This is a large commitfest so there's a pretty wide range of
interesting stuff to help out with, and many ways to help including
documentation, testing and code review.

<plug>
One small patch that just might interest you, based on your interest
in SERIALIZABLE and also in parallelism, is my fledgling attempt to
connect those two features:

https://commitfest.postgresql.org/13/1004/

Unfortunately SERIALIZABLE support has not yet been included with a
couple of really important recent Postgres features: parallelism and
streaming replication.  I suspect the latter may be quite hard to fix
and the former quite easy.  If you're currently studying the
SERIALIZABLE internal data structures then you might like to review
that patch and tell me if my optimism is entirely misplaced, and
figure out how to test and break it...
</plug>

That said, please pick anything that interests you!

--
Thomas Munro
http://www.enterprisedb.com



[including Mengxing Liu in response, for reasons that should become
obvious below...]

Hi George,

On Thu, Mar 9, 2017 at 6:49 PM, George Papadrosou <gpapadrosou@gmail.com> wrote:

> my name is George Papadrosou, this is my first semester as
> graduate student at Georgia Tech and would like to submit a
> proposal to Google Summer of Code, for the project "Eliminate
> O(N^2) scaling from rw-conflict tracking in serializable
> transactions”.

I was recently contacted off-list by Mengxing Liu, who has been
looking at the same project, and said he was planning to submit a
GSoC proposal.  Rather than have one of you sit this out, do either
of you feel comfortable taking a different project instead?  Since
you've both been looking at the serializable code and supporting
documents, perhaps one of you could change to the other suggested
Serializable project?

> I am going to prepare a draft proposal for this project and share
> it with you soon. The project’s description is pretty clear, do
> you think it should be more strictly defined in the proposal?

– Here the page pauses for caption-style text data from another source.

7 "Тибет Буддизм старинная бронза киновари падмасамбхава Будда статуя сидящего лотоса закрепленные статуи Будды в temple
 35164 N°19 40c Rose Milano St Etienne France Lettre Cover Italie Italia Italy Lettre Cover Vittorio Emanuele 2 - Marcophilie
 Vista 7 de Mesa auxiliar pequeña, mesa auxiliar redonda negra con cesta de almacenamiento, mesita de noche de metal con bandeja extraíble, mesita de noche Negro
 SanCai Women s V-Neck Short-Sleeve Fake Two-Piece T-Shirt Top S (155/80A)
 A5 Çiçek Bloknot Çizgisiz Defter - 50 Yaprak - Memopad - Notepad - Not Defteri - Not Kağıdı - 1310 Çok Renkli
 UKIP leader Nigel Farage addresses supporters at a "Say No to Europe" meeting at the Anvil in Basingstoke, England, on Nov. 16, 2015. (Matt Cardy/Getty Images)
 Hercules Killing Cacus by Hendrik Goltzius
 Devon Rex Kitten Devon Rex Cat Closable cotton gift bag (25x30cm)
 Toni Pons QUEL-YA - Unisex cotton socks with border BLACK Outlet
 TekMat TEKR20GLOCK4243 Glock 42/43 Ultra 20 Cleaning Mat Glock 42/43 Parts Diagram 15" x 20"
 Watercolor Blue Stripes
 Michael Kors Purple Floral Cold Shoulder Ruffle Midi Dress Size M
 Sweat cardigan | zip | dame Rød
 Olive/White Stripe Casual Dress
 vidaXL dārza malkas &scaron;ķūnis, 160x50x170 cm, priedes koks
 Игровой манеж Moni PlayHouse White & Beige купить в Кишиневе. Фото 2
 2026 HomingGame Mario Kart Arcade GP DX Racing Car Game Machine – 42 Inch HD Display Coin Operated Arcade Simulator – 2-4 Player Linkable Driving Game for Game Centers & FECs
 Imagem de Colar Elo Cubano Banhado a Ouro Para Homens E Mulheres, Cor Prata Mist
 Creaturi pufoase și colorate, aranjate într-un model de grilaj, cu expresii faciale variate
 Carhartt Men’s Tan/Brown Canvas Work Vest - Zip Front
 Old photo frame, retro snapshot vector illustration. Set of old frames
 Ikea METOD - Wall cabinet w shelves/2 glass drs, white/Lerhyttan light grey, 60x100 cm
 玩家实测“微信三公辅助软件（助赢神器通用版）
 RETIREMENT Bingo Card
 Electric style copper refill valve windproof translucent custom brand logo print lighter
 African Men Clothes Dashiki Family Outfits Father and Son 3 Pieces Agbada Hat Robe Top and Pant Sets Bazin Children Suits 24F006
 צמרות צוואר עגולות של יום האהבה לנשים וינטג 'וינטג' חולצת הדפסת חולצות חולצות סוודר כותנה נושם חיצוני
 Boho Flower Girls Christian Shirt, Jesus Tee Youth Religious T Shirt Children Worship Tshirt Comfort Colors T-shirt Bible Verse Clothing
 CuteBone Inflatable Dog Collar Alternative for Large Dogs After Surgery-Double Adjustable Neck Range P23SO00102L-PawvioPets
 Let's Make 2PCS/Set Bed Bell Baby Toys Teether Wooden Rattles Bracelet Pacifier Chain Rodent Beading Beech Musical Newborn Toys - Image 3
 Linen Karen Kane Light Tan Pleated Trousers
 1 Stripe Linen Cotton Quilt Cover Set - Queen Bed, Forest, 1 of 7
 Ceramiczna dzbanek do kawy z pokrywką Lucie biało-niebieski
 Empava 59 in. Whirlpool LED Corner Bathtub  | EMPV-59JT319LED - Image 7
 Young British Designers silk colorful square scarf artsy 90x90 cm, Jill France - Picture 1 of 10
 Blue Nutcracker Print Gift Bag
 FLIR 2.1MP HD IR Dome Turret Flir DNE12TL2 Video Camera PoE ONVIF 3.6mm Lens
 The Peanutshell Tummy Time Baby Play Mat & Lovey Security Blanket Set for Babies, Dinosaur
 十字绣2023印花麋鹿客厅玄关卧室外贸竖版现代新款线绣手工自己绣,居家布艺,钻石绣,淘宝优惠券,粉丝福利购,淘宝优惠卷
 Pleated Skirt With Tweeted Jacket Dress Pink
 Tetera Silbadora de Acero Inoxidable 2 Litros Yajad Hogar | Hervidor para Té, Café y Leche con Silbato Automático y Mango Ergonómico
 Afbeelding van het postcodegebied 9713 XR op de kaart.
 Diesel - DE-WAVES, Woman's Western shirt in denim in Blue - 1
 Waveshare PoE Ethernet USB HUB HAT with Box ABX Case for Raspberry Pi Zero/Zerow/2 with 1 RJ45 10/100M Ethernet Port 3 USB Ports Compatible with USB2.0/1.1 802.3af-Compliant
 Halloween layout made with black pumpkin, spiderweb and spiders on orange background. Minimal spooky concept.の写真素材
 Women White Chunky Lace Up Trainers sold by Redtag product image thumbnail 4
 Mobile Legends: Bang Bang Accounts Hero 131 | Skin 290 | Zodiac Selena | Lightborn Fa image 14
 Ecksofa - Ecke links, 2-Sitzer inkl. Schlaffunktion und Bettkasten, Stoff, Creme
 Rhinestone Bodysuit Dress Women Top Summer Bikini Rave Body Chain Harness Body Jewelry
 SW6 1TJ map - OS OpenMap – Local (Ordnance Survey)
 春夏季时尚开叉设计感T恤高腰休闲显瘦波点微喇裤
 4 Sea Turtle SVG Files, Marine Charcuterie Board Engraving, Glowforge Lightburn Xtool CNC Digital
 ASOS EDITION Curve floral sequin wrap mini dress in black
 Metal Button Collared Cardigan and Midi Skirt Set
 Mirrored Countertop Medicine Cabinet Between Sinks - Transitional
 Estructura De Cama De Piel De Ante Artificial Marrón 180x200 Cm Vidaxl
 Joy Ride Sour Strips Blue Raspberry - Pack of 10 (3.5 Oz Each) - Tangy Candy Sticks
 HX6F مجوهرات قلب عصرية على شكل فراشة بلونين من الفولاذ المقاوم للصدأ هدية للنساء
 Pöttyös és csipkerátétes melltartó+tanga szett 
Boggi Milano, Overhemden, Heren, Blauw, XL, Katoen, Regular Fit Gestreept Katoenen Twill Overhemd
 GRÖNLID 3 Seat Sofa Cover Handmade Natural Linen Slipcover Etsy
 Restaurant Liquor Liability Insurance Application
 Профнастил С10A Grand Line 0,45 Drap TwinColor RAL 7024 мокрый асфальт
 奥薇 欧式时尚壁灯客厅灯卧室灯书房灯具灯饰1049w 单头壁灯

At a minimum, the proposal should include list of milestones you
expect to reach along the way, and a timeline indicating when you
expect to reach them.  Some description of the benchmarks you intend
to run would be also be very good.

> Until then, I would like to familiarize myself a bit with the
> codebase and fix some bug/todo. I didn’t find many [E] marked
> tasks in the todo list so the task I was thinking is "\s without
> arguments (display history) fails with libedit, doesn't use pager
> either - psql \s not working on OSX”. However, it works on my OSX
> El Capitan laptop with Postgres 9.4.4. Would you suggest some
> other starter task?

There is a CommitFest in progress; reviewing patches is a good way
to become involved and familiar with the community processes.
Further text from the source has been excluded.